» **WORK TO COMPLETE**
Return all the entries exactly. No pictures.

----

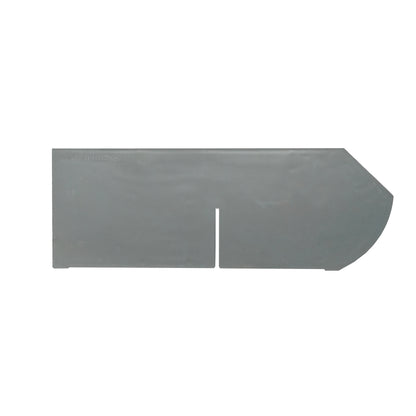 Double internal separator for plastic storage box 310x490x190mm A400MA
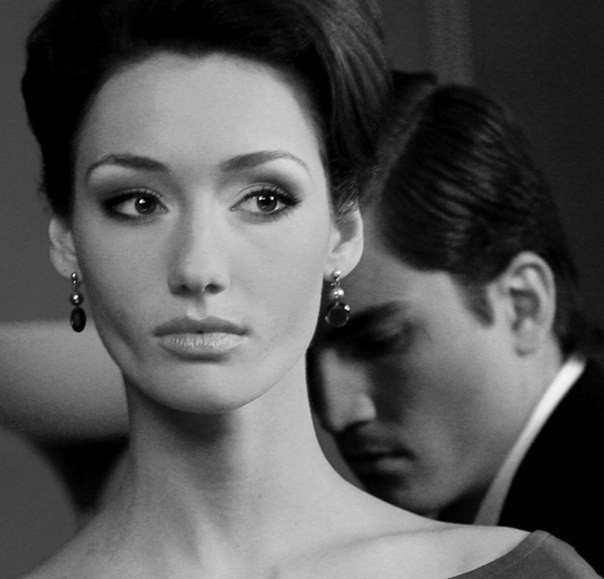Ты однажды поймешь, что тебе ничего не надо.Кроме той, что когда-то писала тебе «Люблю».Той, которая ...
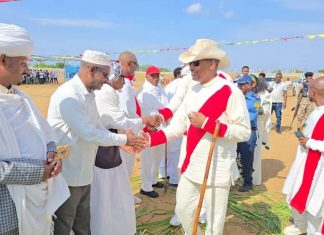 ለመጭው ትውልድ ነጻነትን እንጂ ተሻጋሪ ዕዳ አናወርስም።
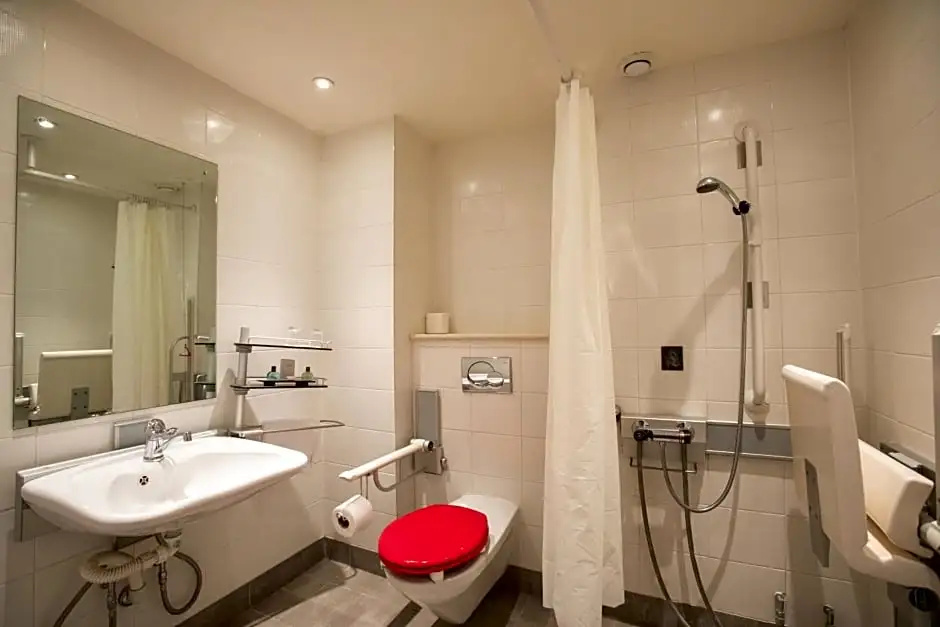 The Lincoln Hotel - Chambres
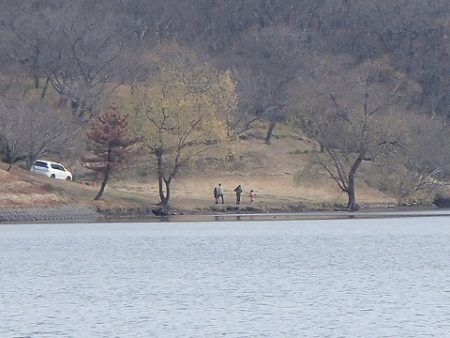 志高湖フィッシング 釣果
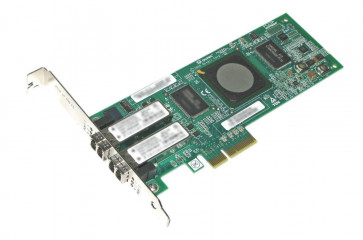 39R6527-04 - IBM 4GB Dual Port PCI Express Host Bus Adapter by QLogic for System x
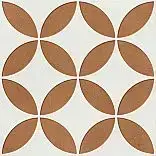 Керамогранит Peronda Mayari Clay Petals LT 37797 22.3x22.3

----

» **ANSWER SPACE**
 Double internal separator for plastic storage box 310x490x190mm A400MA
Ты однажды поймешь, что тебе ничего не надо.Кроме той, что когда-то писала тебе «Люблю».Той, которая ...
 ለመጭው ትውልድ ነጻነትን እንጂ ተሻጋሪ ዕዳ አናወርስም።
 The Lincoln Hotel - Chambres
 志高湖フィッシング 釣果
 39R6527-04 - IBM 4GB Dual Port PCI Express Host Bus Adapter by QLogic for System x
 Керамогранит Peronda Mayari Clay Petals LT 37797 22.3x22.3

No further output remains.